Jackie -- always the ladies man  Chingmy Yau looking tough

City Hunter


Director: Wong Jing

Writer: Wong Jing

Stars: Jackie Chan, Joey Wong, Chingmy Yau, Richard Norton, Gary Daniels, Leon Lai

Based on a popular Japanese manga (comic book). Chan plays Ryo Saeba, a womanizing private eye who is hired to find a Japanese businessman's runaway kid. He screws up the job and returns to his base, only to piss off his partner Kaori (Wong), who then goes off on a cruise -- with Ryo in hot pursuit. While on the ship, a group of terrorists led by Norton and Daniels take over ala Die Hard and Ryo (along with secret agent Yau and mysterious gambler Lai) decides to help.

Like most of Wong Jing's film's, City Hunter goes all over the map. Most of the film is played for laughs, and has a very cartoonish feel to it (complete with Warner Bros.-type sound effects). The last part, with Ryo taking on the terrorists, still has a high level of comedy to it (including a sequence where Chan transforms into characters from the Street Fighter II video game), but pumps up the action level, culminating in an excellent fight between Chan and Norton (one of the better gweilo actors/martial artists).

Turn off your brain and you should have fun with this one. Hey, any movie with Chingmy Yau in a black leather Lara Croft-style outfit can't be all that bad.

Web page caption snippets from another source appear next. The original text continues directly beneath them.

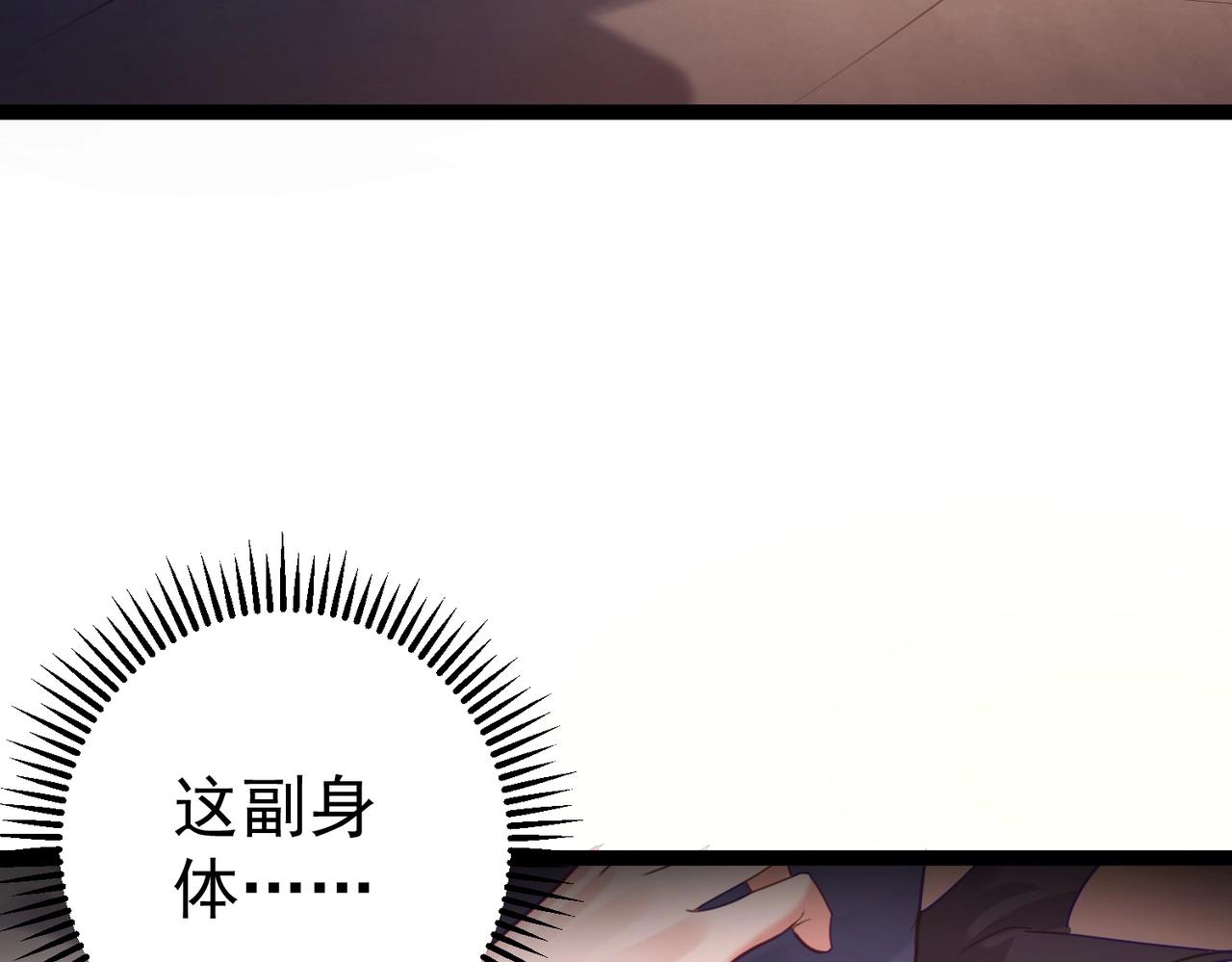 仙界第一卧底漫画,第1话 卧底又去当卧底？1图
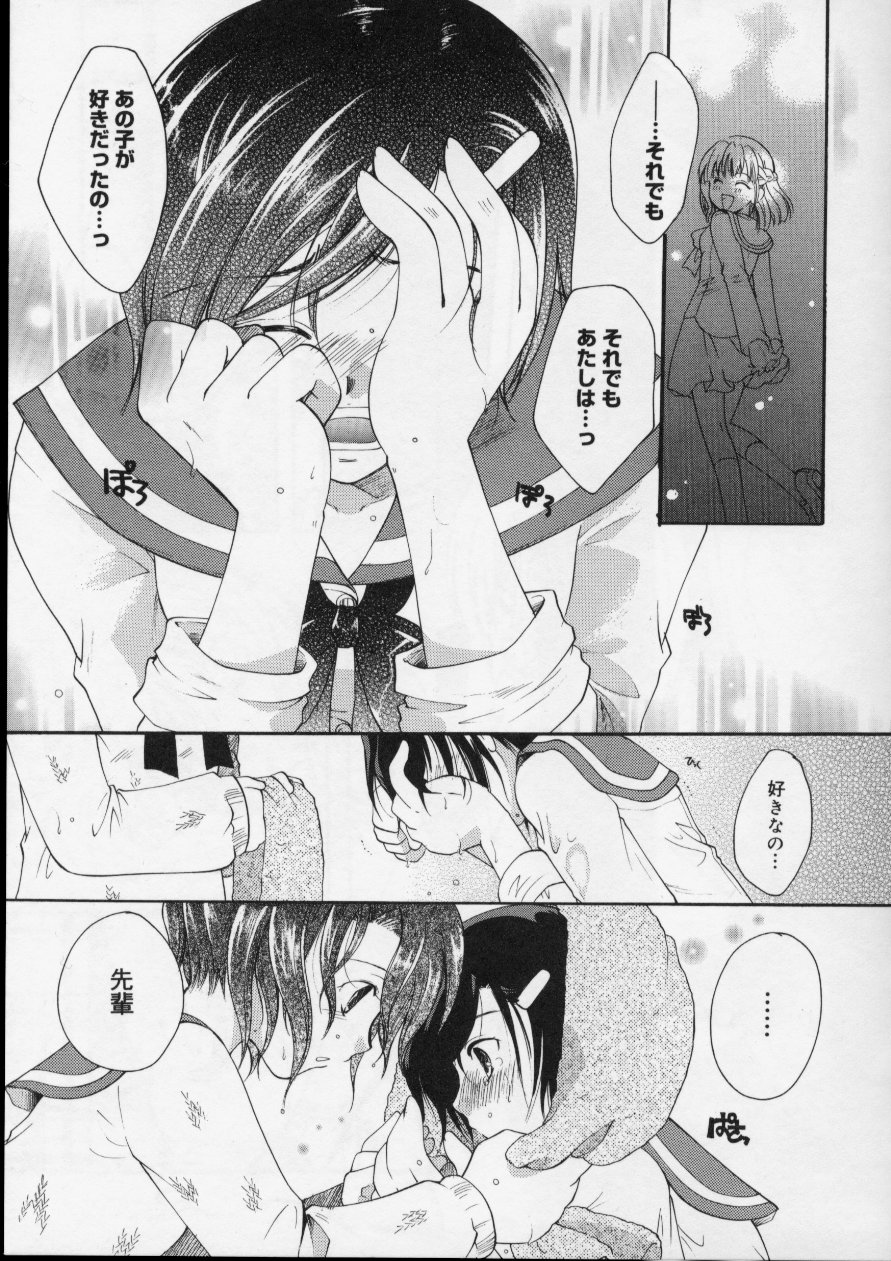 [いとうえい] Love!! 恋の翼を探して
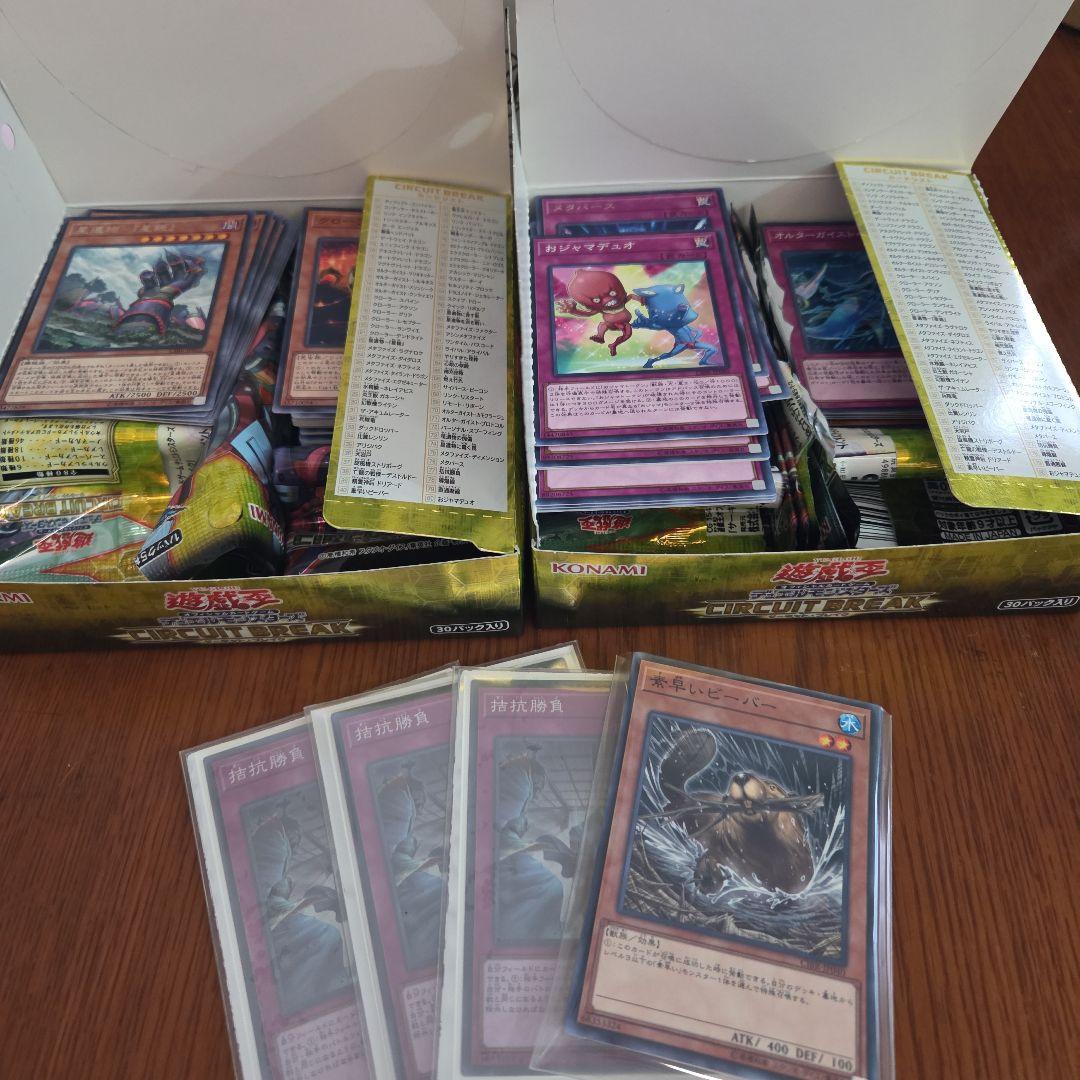 遊戯王OCG 20周年記念パックとカードセット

Note: Tai Seng has recently put out City Hunter on VHS. While the picture is crisp and letterboxed, it is dubbed (ergh!), but that actually adds to the craziness in the film. Some friends and I watched the dubbed version and didn't stop laughing the whole time. It's a great version to watch with a few adult beverages -- it at least beats watching most of the bad quality fan subtitled versions circulating the net. There is also a new HK DVD version which includes both the original language and the English dub -- which makes it the best version out there.